The evidence that this approach lowers costs is already strong. Department of Energy analysis shows that virtual power plants can provide reliability at substantially lower cost than traditional alternatives and save up to $10 billion annually if scaled nationally. Massachusetts determined that optimized deployment of roughly 1,800 MW of distributed storage and solar would deliver $2.3 billion in ratepayer savings. Similar analyses show multi-billion-dollar savings potential in Ohio, and national modeling suggests up to $170 billion in cumulative savings from deploying storage and solar to shift up to 20% of peak demand.
The question, then, is not whether distributed capacity should scale — it may be the only solution that can meet this moment within the next 18 months. The question is whether states know how to structure programs that create cost discipline and genuinely protect customers.

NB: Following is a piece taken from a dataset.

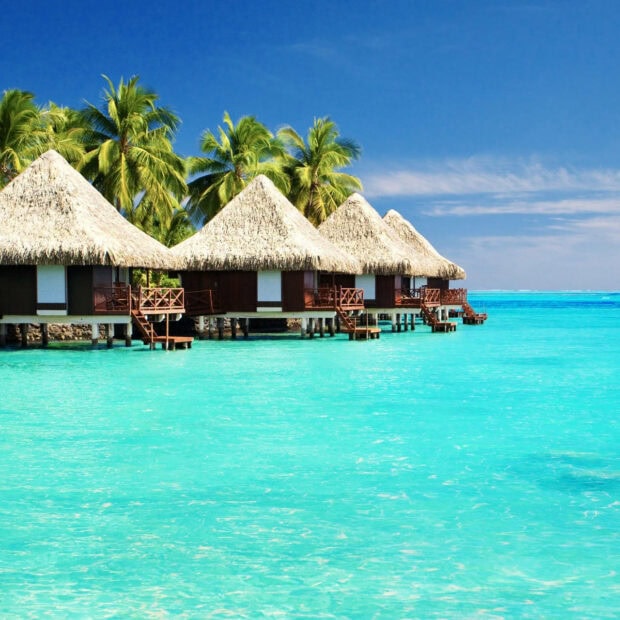 Tropical huts over ocean on summer vacation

Getting there requires a real market-building effort: launching quickly, learning fast, preserving flexibility and keeping ratepayers protected. The community solar industry has spent 15 years developing the expertise, financing structures and local relationships to deploy at scale. States should expand that industry's remit to include distributed battery storage — and hold everyone accountable for driving costs down.

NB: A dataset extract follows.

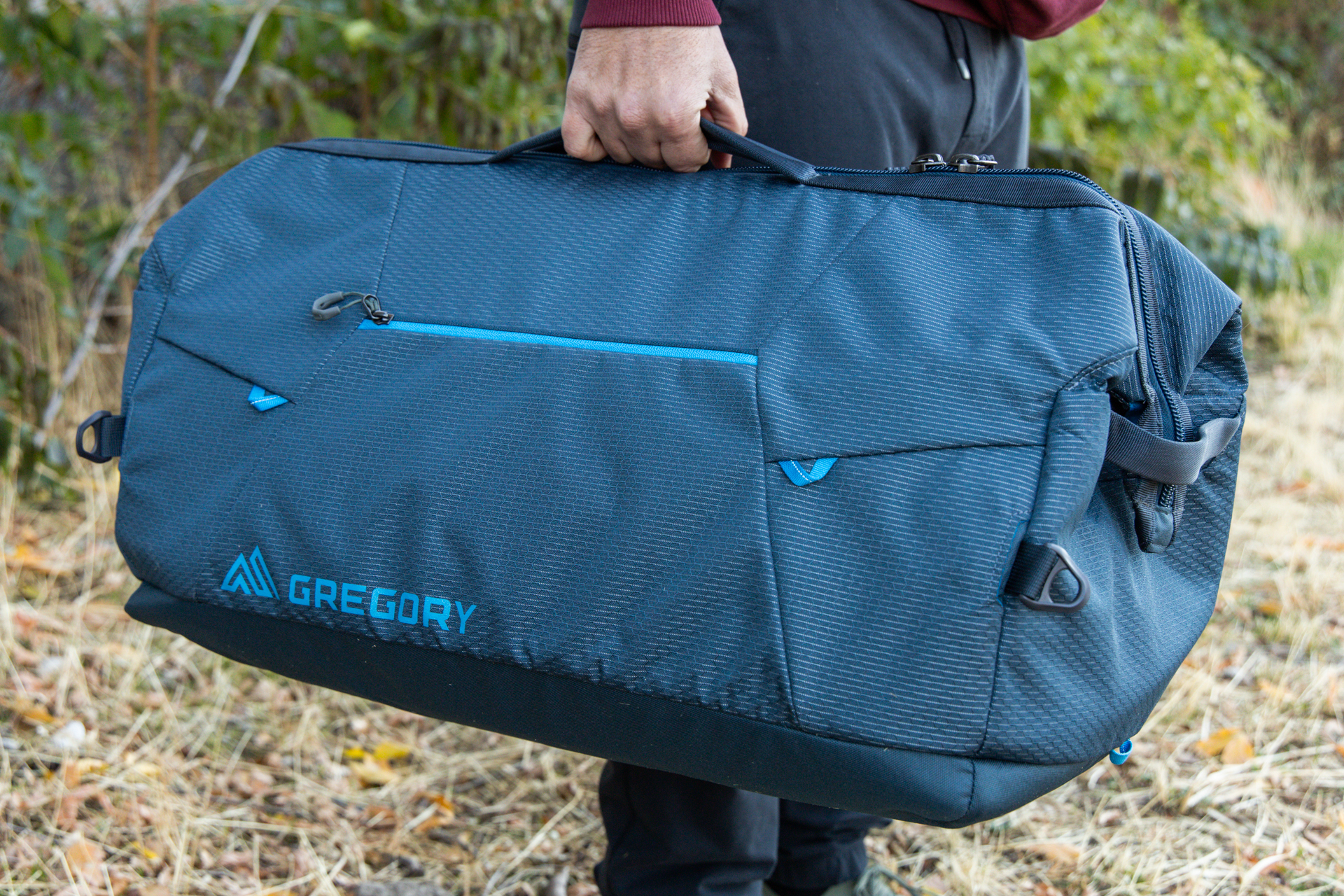 A man hand-holds the Gregory Alpaca Wide Mouth 50 duffel using the low-profile top grab handles.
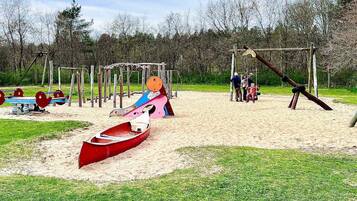 Un parque infantil con columpios, un tobogán y un sube y baja.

Four principles should guide that effort.
First, require utilities to share data and identify where the grid needs help. If a state needs distribution-connected capacity, it should pinpoint where that capacity is needed and clear the path for developers to secure sites and deliver projects quickly.
Second, benchmark costs and risk across ownership models. The central question is not just what something costs, but who bears construction, performance and technology risk — and whether that allocation produces the best outcome for ratepayers.
Third, apply consistent interconnection and operational standards to all projects. If utilities can identify constrained circuits, they should also be able to streamline the interconnection process so projects move faster without compromising reliability.
Fourth, preserve strong commission oversight and transparency. State regulators need clear, ongoing visibility into cost, performance and the grid value actually delivered — not just promised.
None of this is an argument against long-term transmission buildout. That work is essential and must continue. But states cannot afford to wait for new transmission while the load crisis deepens. The best near-term answer is to deploy distributed storage into the grid we have already paid for — and to do it through competitive, transparent programs that give utilities a real role, give third-party developers a fair shot and deliver measurable value to customers.
States that get this right will scale faster, spend less and build a more durable energy market. The tools exist. The developers are ready. What is needed now is the policy will to move.